EXTRACTED ENTRIES:
-----

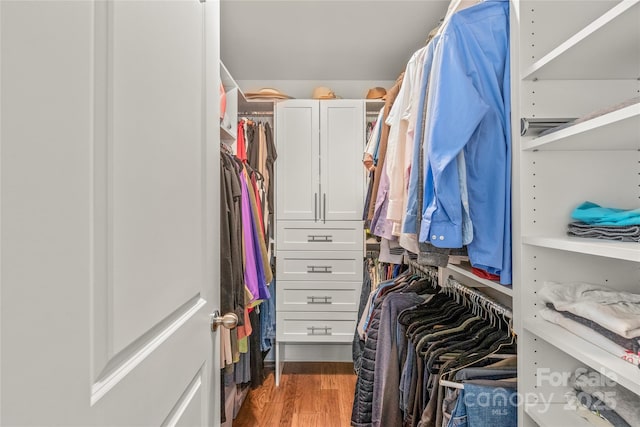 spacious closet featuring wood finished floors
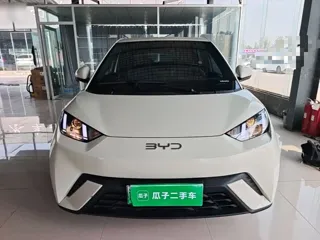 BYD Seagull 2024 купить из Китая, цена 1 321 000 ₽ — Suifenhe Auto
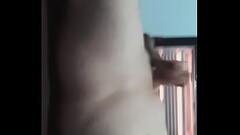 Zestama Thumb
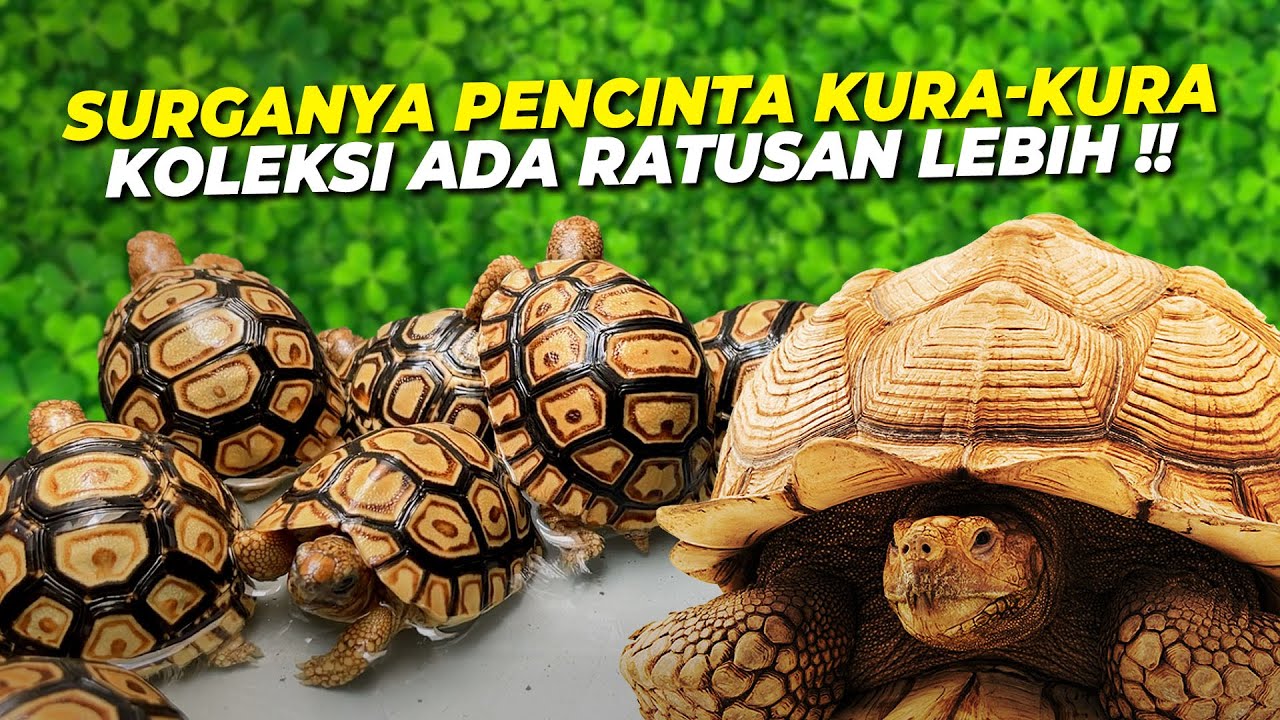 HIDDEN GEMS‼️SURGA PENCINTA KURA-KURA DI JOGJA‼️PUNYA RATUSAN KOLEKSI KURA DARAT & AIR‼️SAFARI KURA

-----

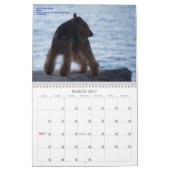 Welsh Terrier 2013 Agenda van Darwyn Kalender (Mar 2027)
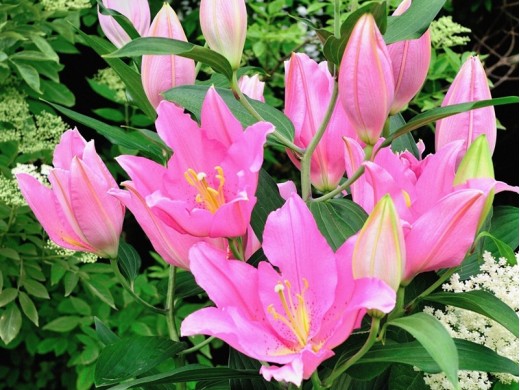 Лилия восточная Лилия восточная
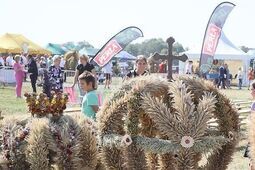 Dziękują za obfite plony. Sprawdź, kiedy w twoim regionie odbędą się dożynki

-----

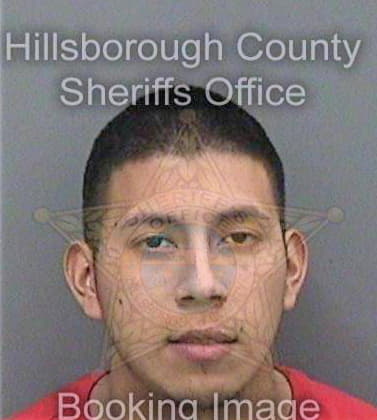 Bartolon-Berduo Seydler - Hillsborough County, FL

-----

Within these entries, output exactly the lines starting at the one with "Welsh Terrier 2013" and finishing at the one with "Dziękują za obfite". Leave pictures out of the output.

EXERCISE RESULT:
 Welsh Terrier 2013 Agenda van Darwyn Kalender (Mar 2027)
 Лилия восточная Лилия восточная
 Dziękują za obfite plony. Sprawdź, kiedy w twoim regionie odbędą się dożynki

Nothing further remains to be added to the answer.